Record excerpts:

————————

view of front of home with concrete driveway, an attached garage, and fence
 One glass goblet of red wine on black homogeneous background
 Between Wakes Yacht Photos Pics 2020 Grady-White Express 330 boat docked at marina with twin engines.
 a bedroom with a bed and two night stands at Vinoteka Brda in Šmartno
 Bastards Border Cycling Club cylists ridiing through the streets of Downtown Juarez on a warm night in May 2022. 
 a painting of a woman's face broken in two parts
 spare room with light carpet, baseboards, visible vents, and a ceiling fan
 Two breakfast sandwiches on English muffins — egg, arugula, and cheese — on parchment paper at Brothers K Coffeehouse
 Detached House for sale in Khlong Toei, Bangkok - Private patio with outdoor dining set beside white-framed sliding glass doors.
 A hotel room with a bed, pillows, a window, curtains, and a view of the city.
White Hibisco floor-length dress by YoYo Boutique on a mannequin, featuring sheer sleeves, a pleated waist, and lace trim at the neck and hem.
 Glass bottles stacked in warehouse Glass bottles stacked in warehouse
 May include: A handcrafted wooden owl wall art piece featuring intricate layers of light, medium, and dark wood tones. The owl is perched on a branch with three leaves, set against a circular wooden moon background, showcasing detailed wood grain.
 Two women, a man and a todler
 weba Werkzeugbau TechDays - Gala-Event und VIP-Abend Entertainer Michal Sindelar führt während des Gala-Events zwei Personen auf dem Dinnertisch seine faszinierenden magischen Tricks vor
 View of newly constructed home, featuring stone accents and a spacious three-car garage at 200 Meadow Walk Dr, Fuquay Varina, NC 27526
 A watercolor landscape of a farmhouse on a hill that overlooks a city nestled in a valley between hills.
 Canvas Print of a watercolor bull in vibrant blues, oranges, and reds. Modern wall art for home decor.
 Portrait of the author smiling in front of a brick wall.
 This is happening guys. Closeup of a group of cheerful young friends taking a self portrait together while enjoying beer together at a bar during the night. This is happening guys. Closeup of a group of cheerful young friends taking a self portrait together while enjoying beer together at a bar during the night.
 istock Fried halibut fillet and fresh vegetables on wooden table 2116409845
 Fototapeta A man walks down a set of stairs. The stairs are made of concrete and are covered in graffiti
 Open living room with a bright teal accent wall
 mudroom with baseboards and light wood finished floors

————————

Exercise instructions: Filter the records above for "garage" and copy every matching line.

Reply:
view of front of home with concrete driveway, an attached garage, and fence
 View of newly constructed home, featuring stone accents and a spacious three-car garage at 200 Meadow Walk Dr, Fuquay Varina, NC 27526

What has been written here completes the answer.